Re: CVS, Linus, and us

Keith Mason (kamason@robots.com)
Fri, 23 Feb 96 14:52:22 PST


> > How about this: One person creates and exports an official CVS tree that
> > development is *not* performed on. The tree is strictly for the purpose
> > of being able to apply patches between different releases.
> >
> > This would also allow people to be able to maintain their own local patches
> > that should not be applied to the public sources, without having to unpatch
> > update and repatch (and try to figure out which hunks failed and why).
>
> Um. CVS isn't magic. If patching fails, chances are CVS will too - so
> you have at least as much work, and if CVS fails silently you have a
> lot *more* work trying to figure out why nothing works any more.
>
> CVS has certain advantages, but I don't see there being a strong case
> for it. If it leads to even one significant bug due to a failed merge,
> it should not be used.

First, CVS doesn't fail silently. Second, I find it MUCH easier to figure
out what CVS repository changes broke my local changes than to unpatch,
get new source tree, repatch, and try to see what the error messages patch
gave out as they fly off the screen.

If the local patches were *not* to fail, a simple "cvs update" is much
easier to perform than unpatch-getnewtree-repatch.
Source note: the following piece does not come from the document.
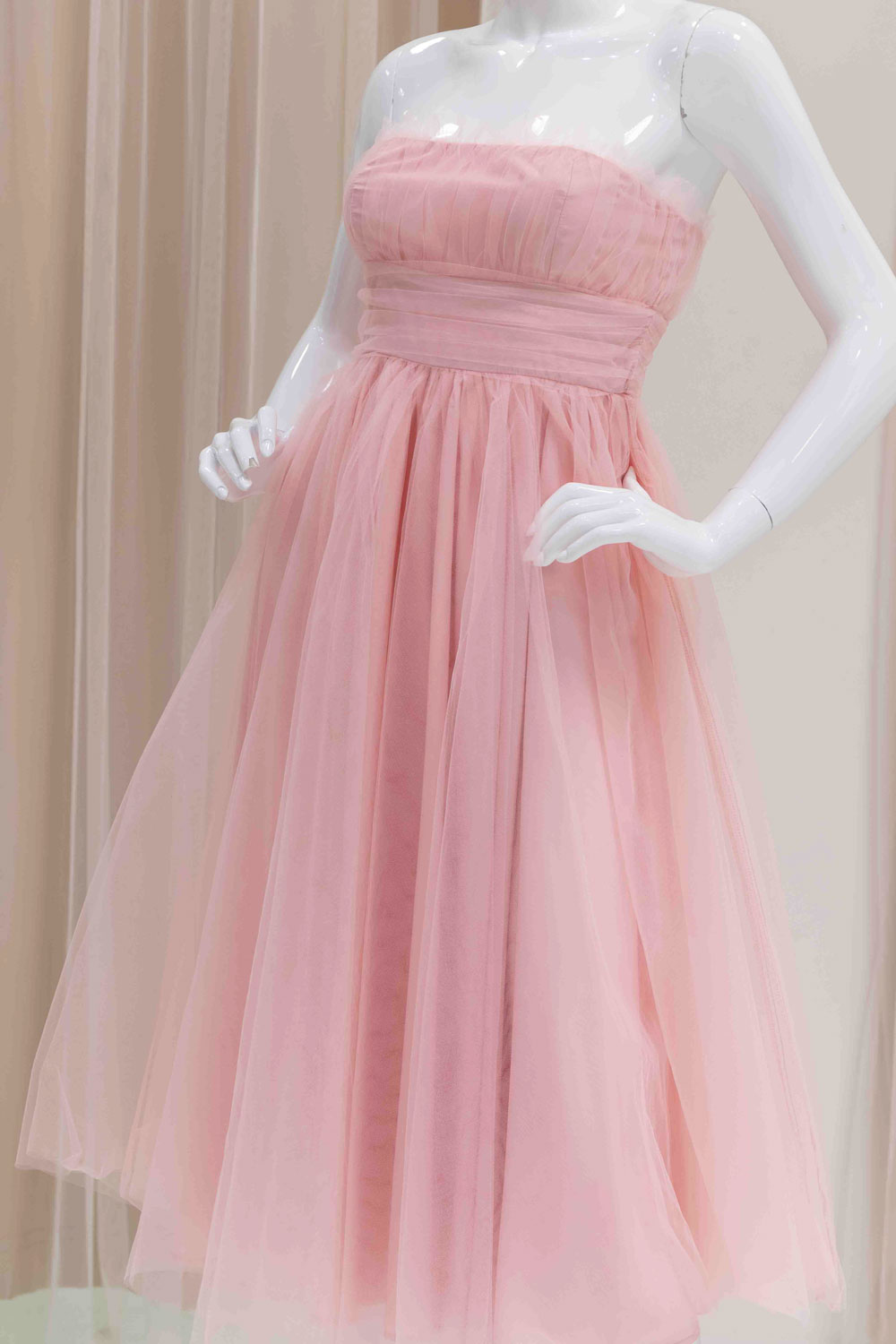 Vivianna Tulle Midi Dress in Pink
When a local patch does fail, CVS leaves this really nice block in the file
showing what repository and local changes overlapped. It's almost always
very easy to fix the overlap.

A failed merge will never compile because the compiler will give errors
on the overlap markers. And a bad patch will never make it into the
repository because only one person will have write access (and he'll
only add Linus' approved patches).

Basically, my only real argument for using CVS is that it's a nice high-
level tool for performing diffs and patches between arbitrary revisions
cleanly and easily. diff and patch are nice commands, but it can be
rather difficult to interpret their output.
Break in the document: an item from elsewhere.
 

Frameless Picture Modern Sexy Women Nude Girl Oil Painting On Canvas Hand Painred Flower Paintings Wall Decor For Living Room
And this does NOT mean that CVS has to be used in any official manner.
For those who like CVS and it's abilities, one person can keep a
repository available for their use. If you don't like CVS, then there's
nothing to keep you from using the current patch method of distribution.

In fact, if I were a kernel beta tester (I'd like to but there's not
enough time), I might even consider keeping a CVS-ized version of the
kernel up-to-date solely for my personal use a good investment.